Japan is currently experiencing a widespread religious revival. Specialist publications about the Japanese have devoted much space to the phenomenon of 'New Religions' (shinkô shûkyô), but they have yet to highlight in the same way the postwar changes which centre on the worship of the bodhisattva Jizô.

This thesis leads into several areas of controversy in scholarship, including the well entrenched opinion that religion ceased to be sociologically significant for the Japanese during the second half of the 20th century.

In questioning this view, I collate observations concerning the contrasting place of Jizô in Japanese Buddhism before and after World War II. I emphasize the responsiveness of religious belief to popular practice rather than sacerdotal documents whose study has long monopolized enquiry into Japanese cosmology and characterized such investigation as a philological discipline rather than as an ethnographic enterprise.

My starting point of my enquiry is the cult of mizuko kuyô whose origins date from no earlier than the late 1960s. This bears on the debate relating the upsurge in the popularity of Jizô to the frequency of abortion in Japan during the postwar period. It also provides an Asian corrective to support the argument that religious studies need to accommodate the impact of the computer on religious practice today.

Discussion of the new cult requires acknowledgment of its condemnation by Japanese and foreign commentators, including militant feminists and several scholars. Their assertion is that mizuko kuyô is the product of recent distortions of theology by Buddhist institutions seeking profits through the commercialization of their services by means of the printed media and the internet.

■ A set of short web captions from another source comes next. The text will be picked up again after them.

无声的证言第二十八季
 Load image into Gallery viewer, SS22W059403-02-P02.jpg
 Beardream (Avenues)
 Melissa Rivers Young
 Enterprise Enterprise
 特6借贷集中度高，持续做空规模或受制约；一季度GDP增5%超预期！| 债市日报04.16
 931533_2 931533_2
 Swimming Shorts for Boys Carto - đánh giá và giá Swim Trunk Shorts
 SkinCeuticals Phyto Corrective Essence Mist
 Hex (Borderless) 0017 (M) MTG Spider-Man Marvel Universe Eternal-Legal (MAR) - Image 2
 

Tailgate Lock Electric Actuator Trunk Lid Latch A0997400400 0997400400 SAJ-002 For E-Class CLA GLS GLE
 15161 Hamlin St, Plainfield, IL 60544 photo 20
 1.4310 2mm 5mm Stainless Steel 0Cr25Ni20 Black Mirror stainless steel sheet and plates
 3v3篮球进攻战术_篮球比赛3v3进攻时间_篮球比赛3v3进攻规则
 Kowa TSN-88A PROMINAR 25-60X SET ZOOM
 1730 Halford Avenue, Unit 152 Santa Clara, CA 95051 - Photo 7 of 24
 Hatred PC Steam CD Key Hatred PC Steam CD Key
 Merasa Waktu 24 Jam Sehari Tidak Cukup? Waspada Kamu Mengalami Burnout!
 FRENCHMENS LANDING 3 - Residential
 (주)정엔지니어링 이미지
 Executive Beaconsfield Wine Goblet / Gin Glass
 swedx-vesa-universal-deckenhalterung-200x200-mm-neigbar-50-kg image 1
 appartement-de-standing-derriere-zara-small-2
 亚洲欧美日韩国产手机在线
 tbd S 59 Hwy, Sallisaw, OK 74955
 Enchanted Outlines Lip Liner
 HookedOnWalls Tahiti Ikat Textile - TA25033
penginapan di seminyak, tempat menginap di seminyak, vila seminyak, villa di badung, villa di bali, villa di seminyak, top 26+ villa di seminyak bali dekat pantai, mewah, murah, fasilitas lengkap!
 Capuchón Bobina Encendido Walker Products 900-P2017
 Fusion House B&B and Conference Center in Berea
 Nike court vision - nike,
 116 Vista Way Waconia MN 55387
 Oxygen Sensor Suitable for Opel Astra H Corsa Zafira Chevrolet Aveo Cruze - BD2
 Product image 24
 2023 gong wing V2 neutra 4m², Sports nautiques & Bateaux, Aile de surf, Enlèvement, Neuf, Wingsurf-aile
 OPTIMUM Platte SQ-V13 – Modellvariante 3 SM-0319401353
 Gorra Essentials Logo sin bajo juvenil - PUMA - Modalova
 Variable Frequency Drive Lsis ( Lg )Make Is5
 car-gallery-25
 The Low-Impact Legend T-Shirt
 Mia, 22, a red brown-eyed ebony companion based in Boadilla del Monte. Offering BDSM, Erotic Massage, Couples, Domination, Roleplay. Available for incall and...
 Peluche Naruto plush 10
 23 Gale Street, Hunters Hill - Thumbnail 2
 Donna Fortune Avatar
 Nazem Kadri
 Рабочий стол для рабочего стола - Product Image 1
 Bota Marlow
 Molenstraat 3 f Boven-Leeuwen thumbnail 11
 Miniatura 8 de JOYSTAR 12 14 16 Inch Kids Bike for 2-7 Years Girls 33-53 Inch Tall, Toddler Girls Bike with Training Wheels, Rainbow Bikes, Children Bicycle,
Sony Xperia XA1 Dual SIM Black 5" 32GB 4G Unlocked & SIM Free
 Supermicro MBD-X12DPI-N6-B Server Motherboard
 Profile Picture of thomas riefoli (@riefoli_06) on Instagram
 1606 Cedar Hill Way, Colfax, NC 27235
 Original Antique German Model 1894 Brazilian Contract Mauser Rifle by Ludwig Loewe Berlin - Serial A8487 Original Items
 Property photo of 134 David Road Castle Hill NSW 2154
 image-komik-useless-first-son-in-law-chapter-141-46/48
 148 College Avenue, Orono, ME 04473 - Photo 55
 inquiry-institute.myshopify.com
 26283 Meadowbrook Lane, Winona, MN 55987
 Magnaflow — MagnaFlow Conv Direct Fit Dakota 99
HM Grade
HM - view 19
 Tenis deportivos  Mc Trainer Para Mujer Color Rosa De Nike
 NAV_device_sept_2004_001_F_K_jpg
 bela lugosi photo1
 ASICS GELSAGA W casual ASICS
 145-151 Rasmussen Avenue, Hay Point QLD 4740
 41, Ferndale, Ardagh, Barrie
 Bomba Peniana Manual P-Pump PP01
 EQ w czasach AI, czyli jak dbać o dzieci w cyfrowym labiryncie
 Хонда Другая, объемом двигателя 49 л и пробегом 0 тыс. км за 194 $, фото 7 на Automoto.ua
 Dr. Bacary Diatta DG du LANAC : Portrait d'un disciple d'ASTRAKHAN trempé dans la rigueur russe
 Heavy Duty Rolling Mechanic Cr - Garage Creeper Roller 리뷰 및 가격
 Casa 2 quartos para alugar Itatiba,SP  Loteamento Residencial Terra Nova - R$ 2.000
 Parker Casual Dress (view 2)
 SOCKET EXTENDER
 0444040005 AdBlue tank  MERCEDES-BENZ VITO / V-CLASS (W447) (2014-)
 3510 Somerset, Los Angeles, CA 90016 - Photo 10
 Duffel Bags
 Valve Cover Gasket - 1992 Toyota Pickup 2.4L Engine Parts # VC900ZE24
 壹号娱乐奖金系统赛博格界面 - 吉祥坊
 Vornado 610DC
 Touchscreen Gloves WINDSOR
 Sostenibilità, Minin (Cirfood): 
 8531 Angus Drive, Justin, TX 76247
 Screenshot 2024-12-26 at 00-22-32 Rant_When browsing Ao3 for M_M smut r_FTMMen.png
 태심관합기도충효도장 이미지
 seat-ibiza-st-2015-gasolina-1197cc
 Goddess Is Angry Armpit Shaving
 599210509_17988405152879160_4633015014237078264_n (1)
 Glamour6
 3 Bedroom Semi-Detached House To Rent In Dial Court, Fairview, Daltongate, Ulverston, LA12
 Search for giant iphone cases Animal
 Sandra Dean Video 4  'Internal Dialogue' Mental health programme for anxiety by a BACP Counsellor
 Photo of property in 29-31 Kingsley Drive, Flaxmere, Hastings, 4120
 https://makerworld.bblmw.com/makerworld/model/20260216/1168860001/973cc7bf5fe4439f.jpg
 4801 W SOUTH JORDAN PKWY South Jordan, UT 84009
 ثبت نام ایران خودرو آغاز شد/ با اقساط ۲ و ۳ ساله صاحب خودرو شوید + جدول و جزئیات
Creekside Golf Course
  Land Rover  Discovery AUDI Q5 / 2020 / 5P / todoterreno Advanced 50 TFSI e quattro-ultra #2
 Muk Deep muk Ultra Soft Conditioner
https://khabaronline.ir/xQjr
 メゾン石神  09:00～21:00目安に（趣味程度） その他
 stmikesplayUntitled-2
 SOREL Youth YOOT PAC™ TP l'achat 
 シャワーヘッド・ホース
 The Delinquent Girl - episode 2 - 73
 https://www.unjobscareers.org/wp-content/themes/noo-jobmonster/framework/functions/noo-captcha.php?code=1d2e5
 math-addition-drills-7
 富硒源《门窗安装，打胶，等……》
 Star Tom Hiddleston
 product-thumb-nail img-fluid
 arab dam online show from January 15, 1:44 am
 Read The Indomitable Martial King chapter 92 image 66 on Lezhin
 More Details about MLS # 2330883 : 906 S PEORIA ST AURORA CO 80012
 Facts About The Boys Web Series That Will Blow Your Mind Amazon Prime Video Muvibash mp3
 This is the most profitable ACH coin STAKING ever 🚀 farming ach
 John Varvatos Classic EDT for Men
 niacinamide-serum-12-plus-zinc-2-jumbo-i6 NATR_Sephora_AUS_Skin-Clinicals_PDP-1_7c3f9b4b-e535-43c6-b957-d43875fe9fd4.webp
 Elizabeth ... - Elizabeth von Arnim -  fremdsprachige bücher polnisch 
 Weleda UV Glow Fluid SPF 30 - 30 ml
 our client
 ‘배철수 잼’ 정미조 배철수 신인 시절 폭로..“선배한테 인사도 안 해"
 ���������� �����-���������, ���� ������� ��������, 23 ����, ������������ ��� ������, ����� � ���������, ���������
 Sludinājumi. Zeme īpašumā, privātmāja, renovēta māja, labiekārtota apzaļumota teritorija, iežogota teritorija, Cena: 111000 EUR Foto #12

I challenge this criticism by enquiries that reveal the cultural breath, historical antiquity and demographic scope with which notions about Jizô are imbedded in popular Japanese religion. The deity should be interpreted as a multivalent metaphor whose meaning can be adapted to the changing needs of his believers. In this way Jizô resembles a formula with fluid parameters where the individual aspects that make up the sum-total of Jizô worship are defined by devotees in their dealings with him.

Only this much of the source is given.